Like the United States and Western Europe, India faces enormous pressures from illegal immigration – and this has become a contentious issue in national elections due in a few months. The subject of illegal immigration is particularly pronounced in the states that surround Bangladesh – namely, West Bengal to the west, Meghalaya and Assam to the north, and Tripura, Mizoram and Manipur to the east. Over the past few decades, millions of Bangladeshis have poured into India – to escape war, to escape poverty or, as in the case of Bangladeshi Hindus, to flee religious bigotry and persecution in an overwhelmingly Islamic nation.

Now, Narendra Modi, the prime ministerial candidate for India's pro-Hindu, right-wing, nationalist Bharatiya Janata Party, has stepped into the fray.

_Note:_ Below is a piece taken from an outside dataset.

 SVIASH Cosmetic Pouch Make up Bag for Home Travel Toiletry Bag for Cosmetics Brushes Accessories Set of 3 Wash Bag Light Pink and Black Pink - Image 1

During a campaign rally in Assam, Modi – the chief minister of Gujarat who was widely condemned for standing by idly when deadly communal riots scarred his native state in 2002 and killed some 1,200 people – drew a sharp distinction between Hindu and Muslim immigrants from Bangladesh. Press Trust of India reported that Modi declared that Hindu migrants must be “accommodated” and that detention camps currently holding them must be shut down.

"As soon as we come to power... detention camps housing Hindu migrants from Bangladesh will be done away with," Modi told a huge and raucous crowd at Ramnagar. “What was the fault of the [Hindu Bangladeshi] people whose wives and daughters were raped? The Hindus have been displaced from their land because of harassment. India is the land for Hindus across the globe and they are welcome to stay here. ... We have a responsibility toward Hindus who are harassed and suffer in other countries. Where will they go? India is the only place for them. Our government cannot continue to harass them. We will have to accommodate them here.”

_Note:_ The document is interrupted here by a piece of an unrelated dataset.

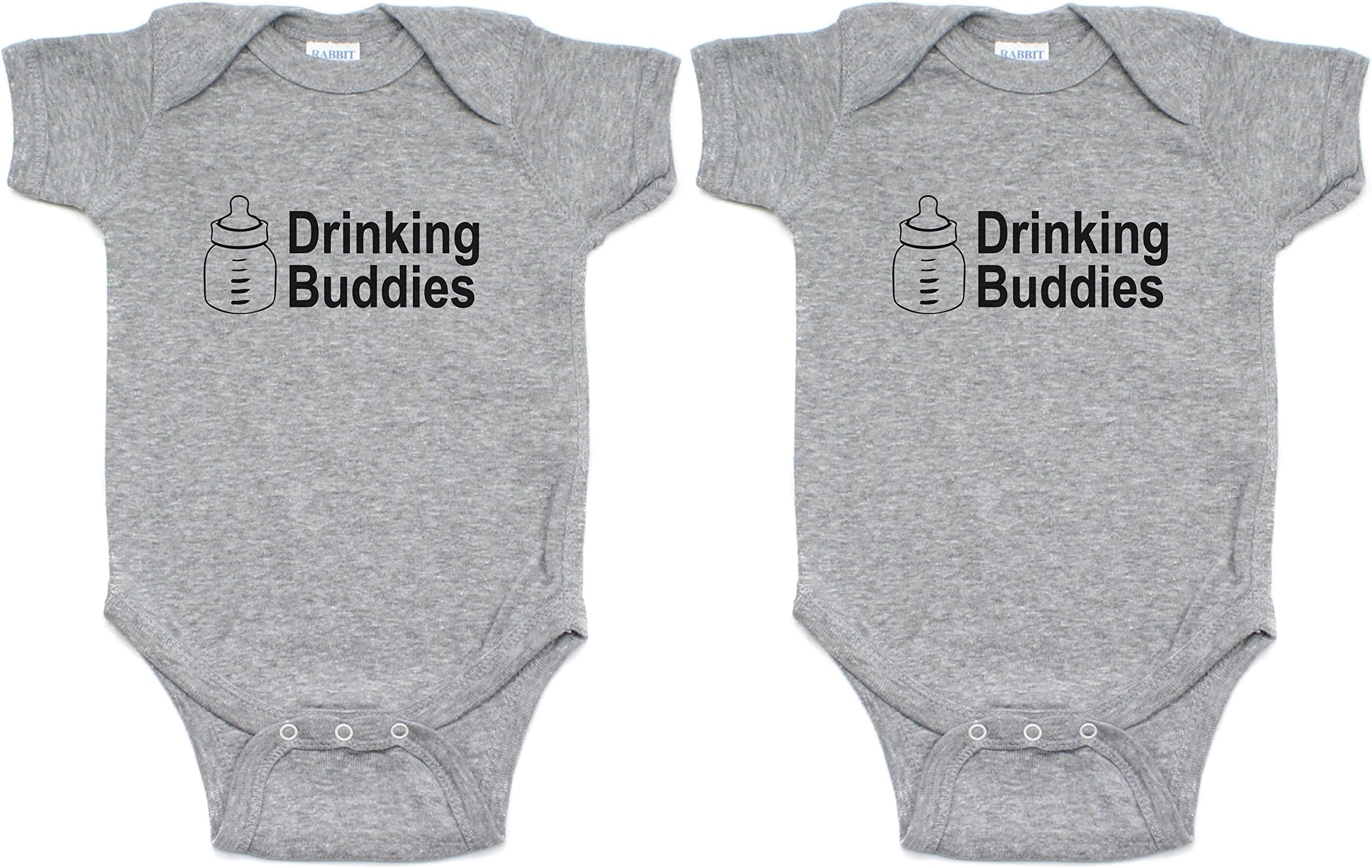 Milk Drinking Buddies Twin Set Short Sleeve Infant Bodysuit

But Modi assured Assamese officials that they would not solely bear the burden of taking care of Hindu migrants. "It [would] be unfair [to Assam], and they will be settled across the country with facilities to begin a new life," he added. Modi also cited that when Atal Behari Vajpayee served as India's BJP prime minister, he enabled programs to allow Hindu migrants and refugees from Pakistan who arrived in Gujarat and Rajasthan to be settled across the country. "Bangladesh is next to Assam, while Pakistan is next to Gujarat. Assam is harassed by Bangladesh whereas Pakistan is bothered by me," the Gujarat chief minister crowed. "You have to decide whether you will continue to tolerate Bangladeshi harassment or put an end to it. I have come to you for your answer. Trust me, and as soon as we come to power we will take immediate steps to redress these problems and ensure that justice prevails.”

Not surprisingly, Modi also took a shot at the rival Congress Party, alleging that they were “violating” the human rights of Bangladeshi Hindus in detention camps by denying them right to vote in India, among other infractions. Modi also suggested that Congress was encouraging Bangladeshi Muslims to come to India in order to illegally create a “vote bank” for Congress by supplying them with ID cards, which is tantamount to providing them with citizenship. As such, he has called for the expulsion of Bangladeshi Muslims, smugglers and criminals, and, in sharp contrast, for the embrace of Bangladeshi Hindus. According to a report in Niti Central, Modi also charged that the wages of laborers in Assam's world-famous tea plantations were artificially depressed by illegal Bangladeshi laborers who are willing to toil for meager wages.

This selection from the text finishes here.